Multilingual content

15 views
Skip to first unread message

Piotr Majewski

unread,
Jul 27, 2008, 12:45:02 PM7/27/08
to Django developers
Hi,
I found django-multilingual and transdb very usefull, but those
projects don't fully integrate with django.
I was thinking and i found a way to introduce multilingual content to
django with very few lines of code and ingerention into django.db.
Actualy all it needs is to add a boolean multilingual flag, if this
flag it is set to True then the field will be "multilingual".

The desighn is very simple.
having a list of languages and language codes we can create extra
colums for "Translation" data.

instead of having:
id, name
we would have
id, name_en, name_de , name_fr.

the Api would look like (default language english):

class Article(models.Model):
body = models.TextField(multilingual=True)
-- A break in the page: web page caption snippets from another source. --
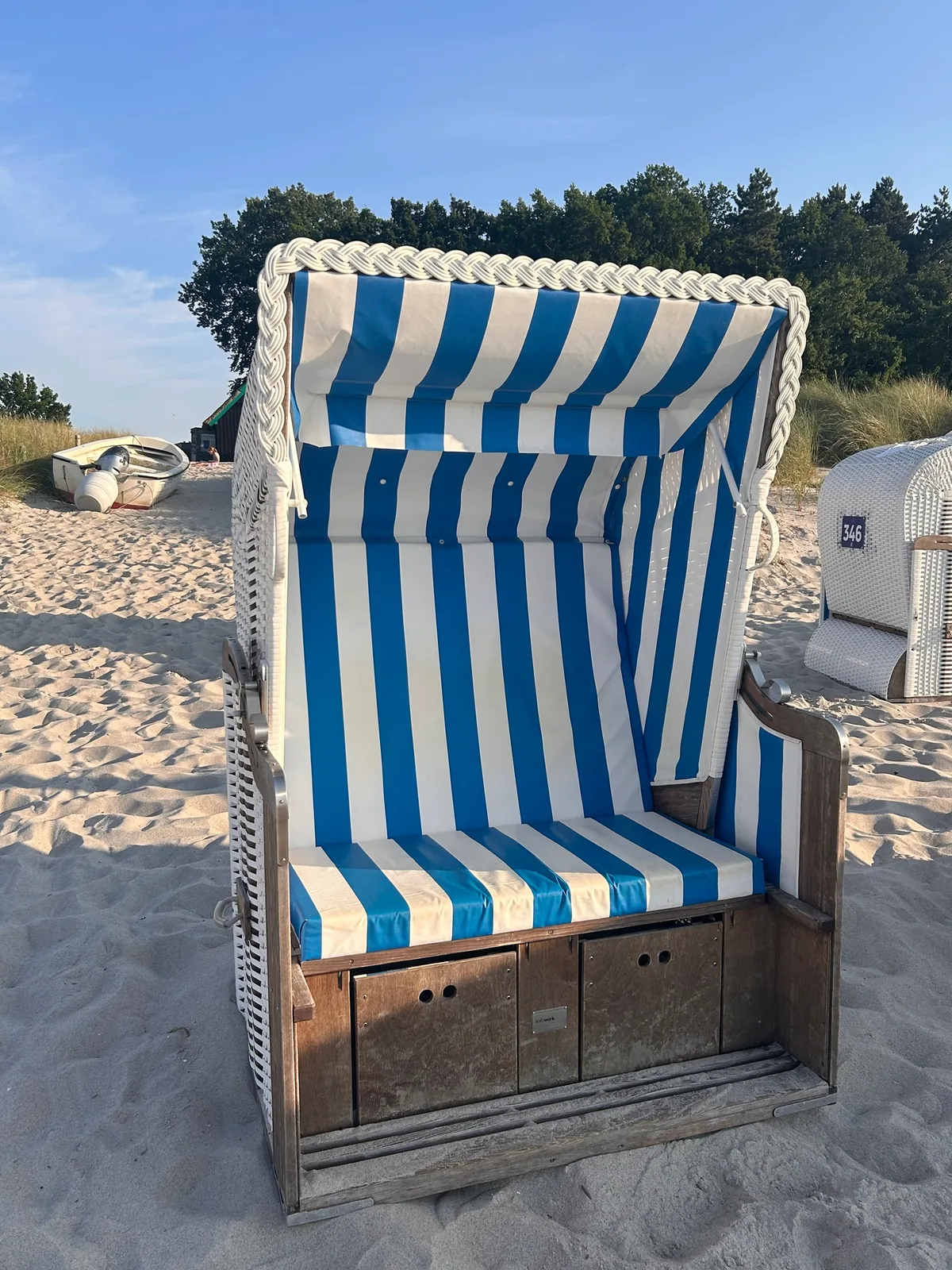 Blau-weißer Strandkorb im Sand am Ostseestrand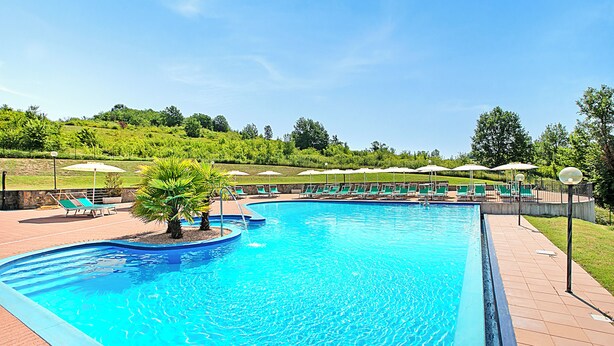 A swimming pool with a curved edge, surrounded by lounge chairs and umbrellas, set against a backdrop of greenery and a clear sky. - Villa Carolina Rooms (Castelletto d'Orba)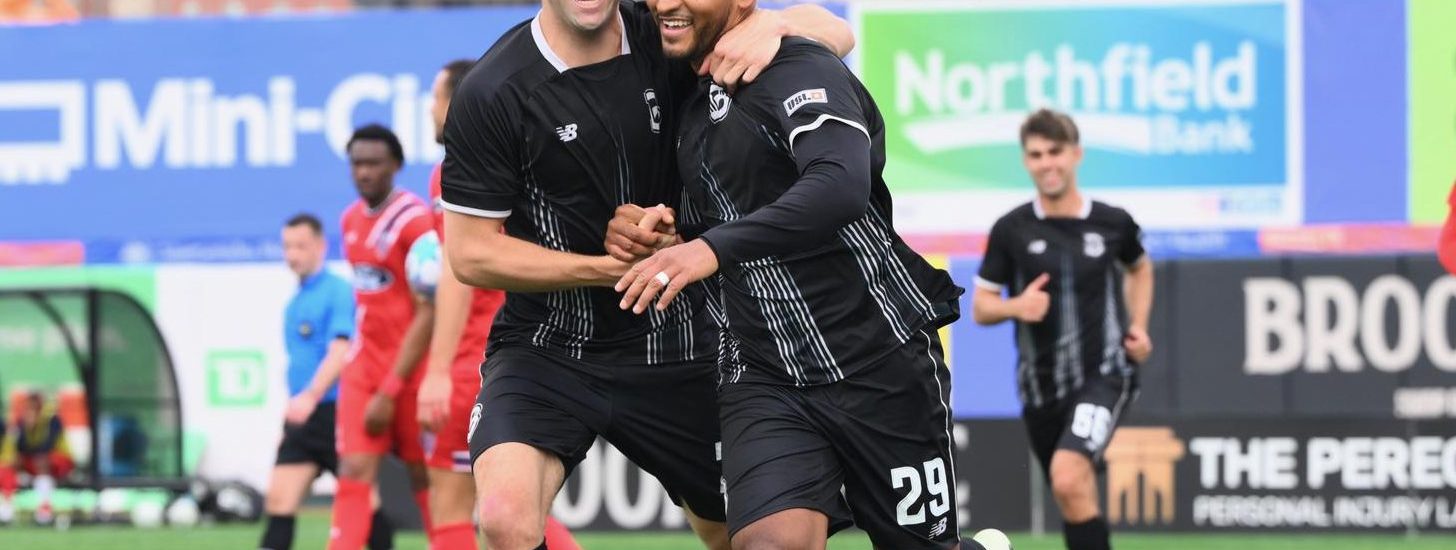 Juan Carlos Obregón Jr. and Peter Mangione celebrates together.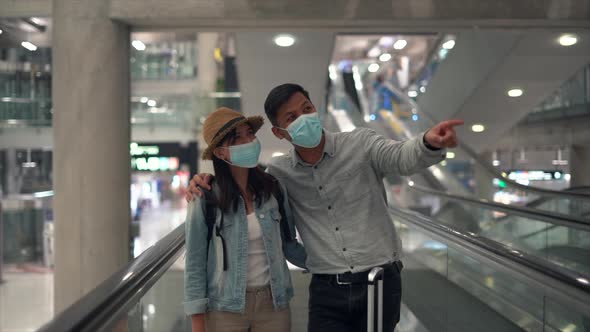 Couple Asian people walking in airport terminal waiting for  flight boarding.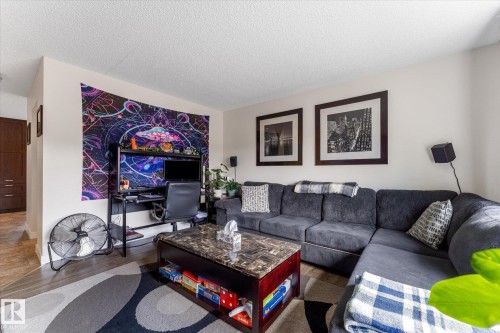 Recessed lighting, wood-finish flooring, and white painted walls - 16012 98 Avenue Nw, Edmonton, AB 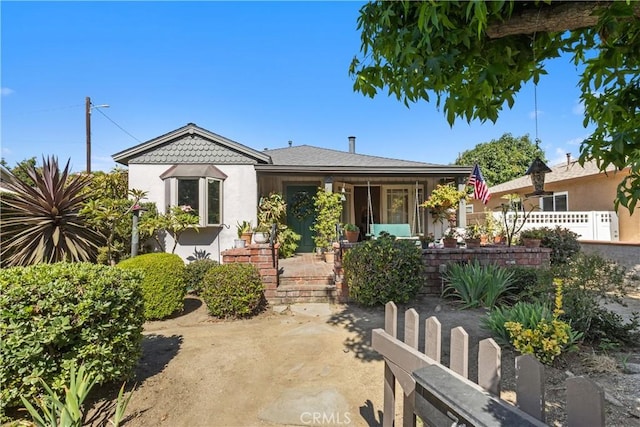 719 S Amstutz Ave, Anaheim, CA 92802 - view of front of property featuring stucco siding and covered porch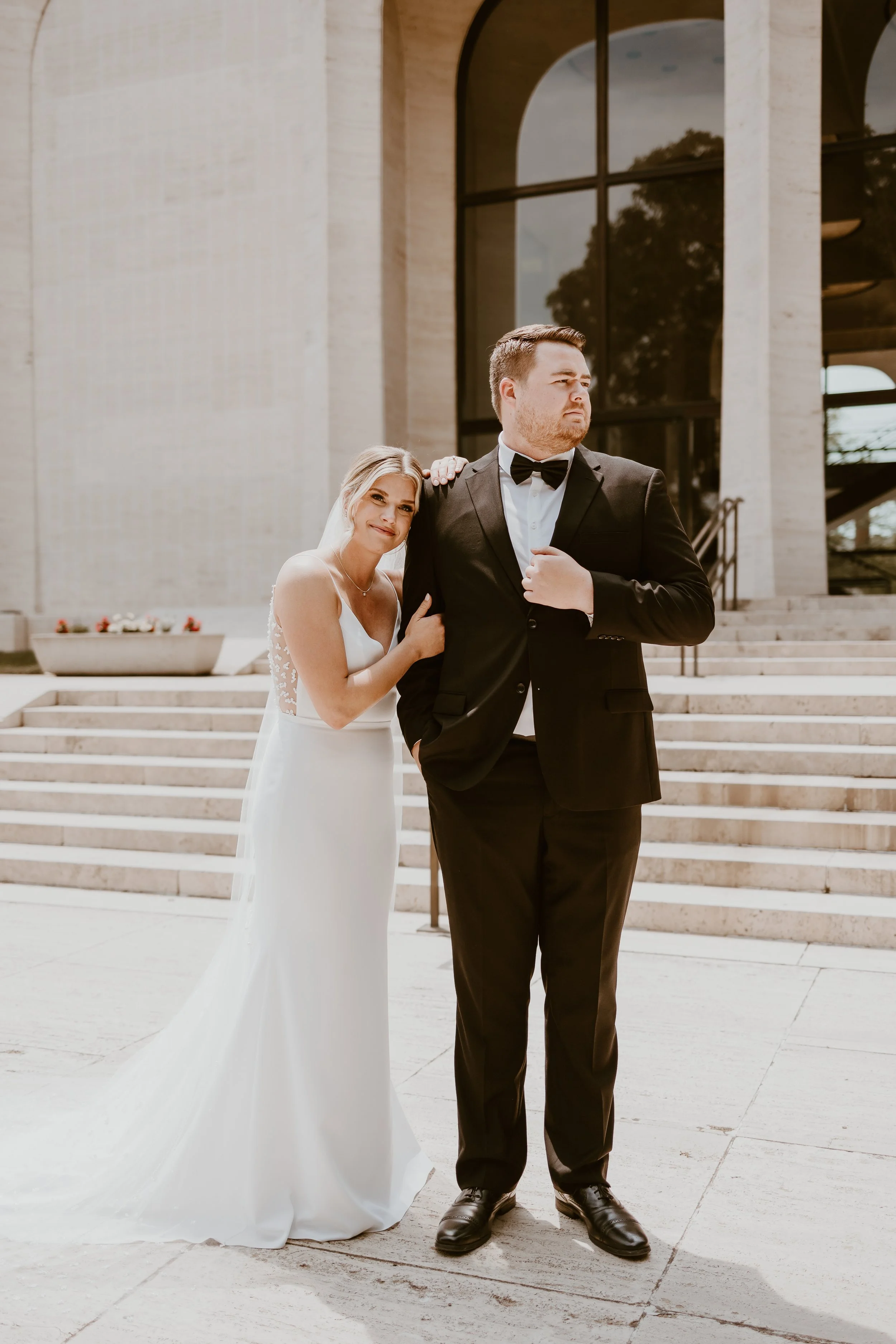 A bride leaning on a groom in a tuxedo outside a modern building with steps and large glass windows.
>>> a = Article.objects.create(body='I am a berliner', body_de='Ich bin ein berliner')
>>> a.body
u'I am a berline'
>>> a.body_de
u'Ich bin ein berliner'


this can be done by:
>adding the multilingual flag to Field.__init__() kwargs
>modifying a bit Field.contribute_to_class()
>in contribute_to_class would have to check if multilingual is set to true, if not resume oldway, if yes cls._meta.add_field(FIELD) for each translation FIELD (the list of the field will be generated dynamicly, onlything that differs is the name of the field and collumn that the field is regarding to
>next thing is adding a field that will refer to current language.


this way no super hard modification is needed.

onlything that has to be considered is admin layout.

About the Design.

I'm fully aware of the fact that models with many multilingual fields,
this and multiple languages will generate many columns, but:

>myslq:There is a hard limit of 4096 columns per table
>postgresql: Maximum number of columns in a table? : 1600
>sqlite: (don't know)

Also the fact of adding a language will need altering table, but that
can be done by simple ALTER sql or basic python script.

fetching the bigtables can be inproductive: We don't have to fetch all
languages ("Translations"), this way we fetch the same ammount of data
if the model were singlelingual.

+ for performance : Instead of having extra "translation" table (the
way django-multilingual works right now) and having to do Inner joins,
you have the same data without that stuff, faster.

You are allowed to fetch data from other languages than current by
adding _LANGCODE suffix.

no extra hooks are required to do find(name) order_by(name_en) etc..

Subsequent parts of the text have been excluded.